Lately, our Messenger service for the web is being adopted more than ever before, both by our own Windows Live Hotmail service, and by various non-Microsoft websites. For ease of integration with non-Microsoft services, developers can use the Messenger Web Toolkit, which comes with an SDK (Software Development Kit) that allows any web service to add a Messenger web bar to any relevant page. This adds to the value of the services who adopt it, by allowing their customers to chat with Windows Live customers without leaving their site.

Messenger also provides federation (interoperability) with enterprise networks using Microsoft Office Communications Server (OCS). We make the connection between Windows Live and the selected enterprise network using the SIP protocol, the same method we use to connect Windows Live Messenger with Yahoo! Messenger. These federation services bring networks of massive scale together. Messenger servers can also talk to multiple end-points: desktop, web, and mobile. Many higher end mobile phones have Windows Live Messenger mobile clients available. It is also possible to communicate from Messenger to a mobile phone through SMS (text messaging). Someone signed into Messenger on their desktop can add a phone number to a Messenger contact (in selected countries). The desktop Messenger user can then send IMs to their friend's mobile device, and the friend can reply from their phone via SMS, with each person using the method that works best for them. To enable this, Messenger is integrated with the SMS network.

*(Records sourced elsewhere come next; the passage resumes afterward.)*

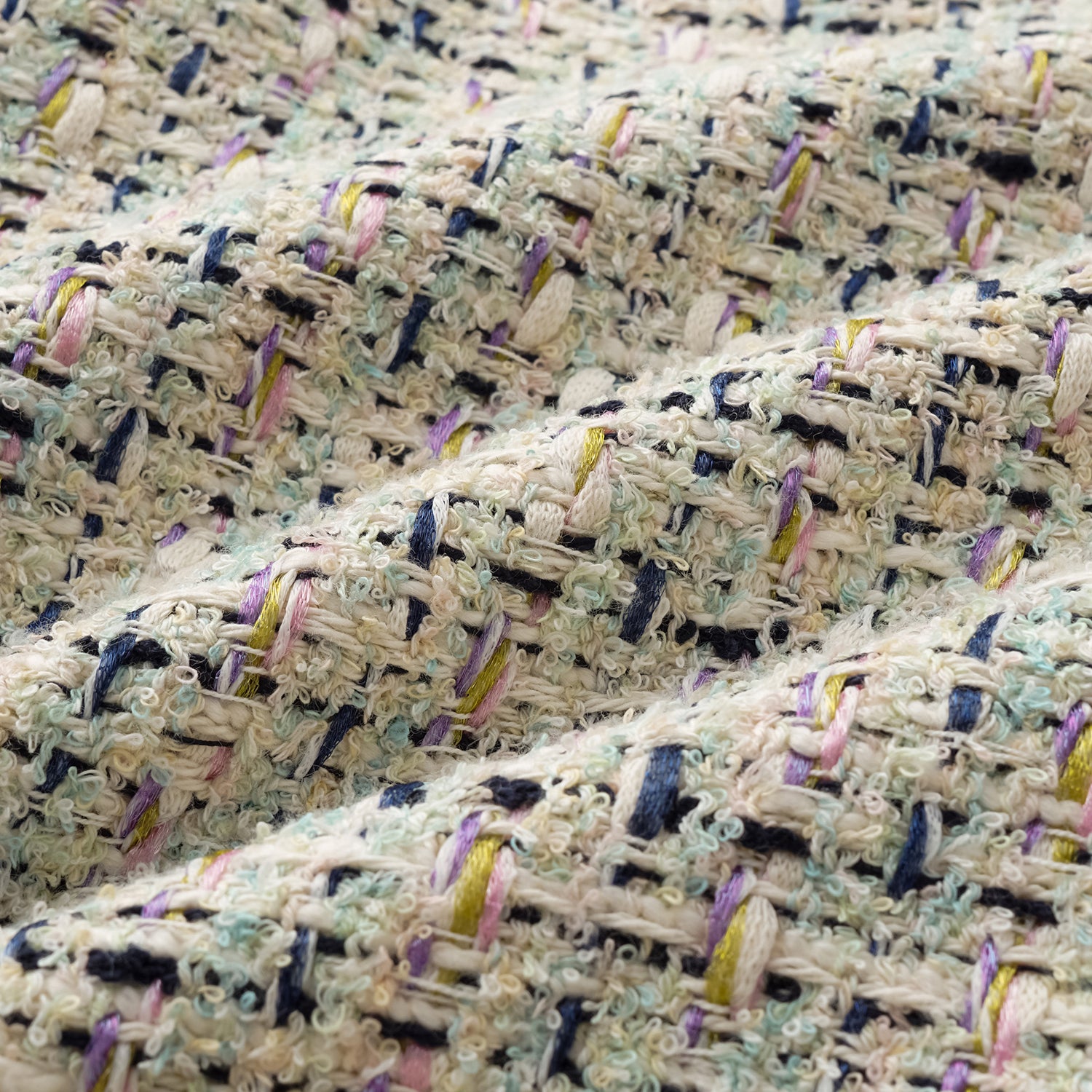 "Chelsea Citywalk." 法國花呢及膝鉛筆褲裙—Bougival Garden布吉瓦花園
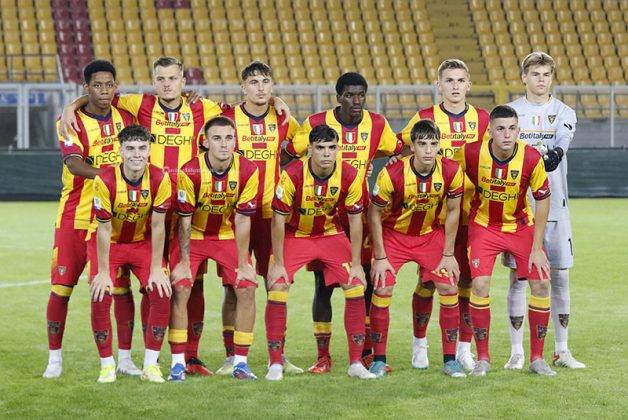 L'Olympiacos surclassa la Primavera del Lecce per il turno di ritorno di Youth League, finisce 1-3 per i greci - Corriere Salentino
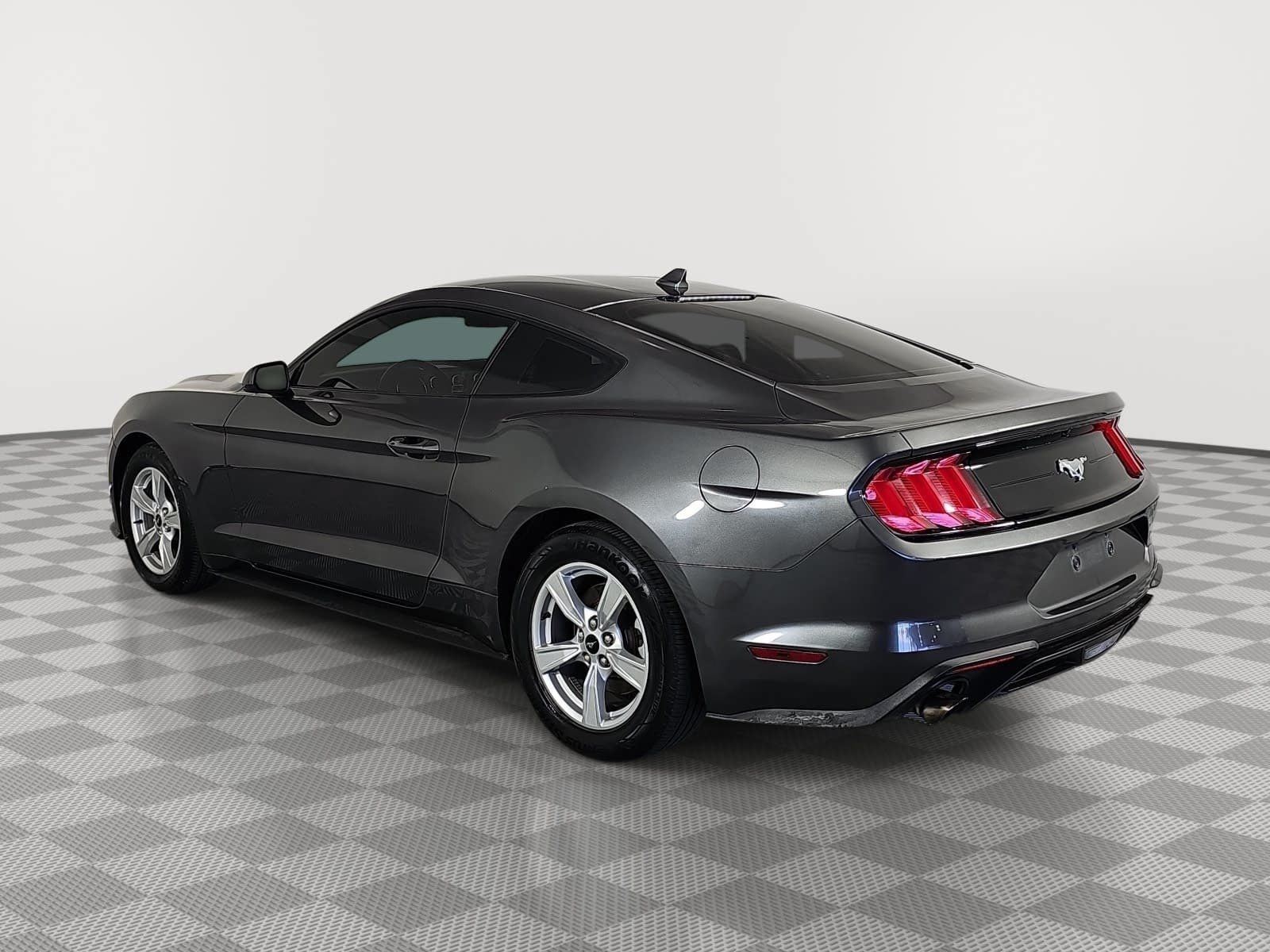 2020 Ford Mustang EcoBoost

Careful planning for updates

Given all of the interoperability requirements, you can imagine the carefully choreographed operation it takes to update the Messenger desktop client. Each update has to interoperate with multiple versions of Messenger, in multiple languages, and in multiple countries. The bandwidth needed for such an update is a sizable portion of the overall bandwidth consumed on an average day by all of Microsoft. This of course means that the Messenger servers have to support multiple protocol dialects and multiple versions of a particular dialect at a time. Similarly, upgrading any Messenger server type requires that the upgraded servers continue to work across the rest of the server types and honor all the supported protocols.

The current Messenger system, which supports more than 300 million customers, runs on a few thousand servers spread across multiple data centers worldwide. Apart from the three server types mentioned above, we also have servers that automatically manage the system to reduce human intervention to a minimum. Since Messenger is mostly stateless, automated management of Messenger is easier than for other, "stateful" services. The same quality makes Messenger more efficient in the cost of running the system.

I hope that I've been able to convey a sense of the architecture of the Messenger service, how we are able to scale it by server type, and some of the nuances of running the service.

Russ Arun
Windows Live Messenger

Russ Arun was recently honored for Outstanding Technical Leadership by members of the Microsoft Technical Community Network (TCN). The award recognizes Russ’s role in spearheading dramatic improvements in the Window Live Communications Platform.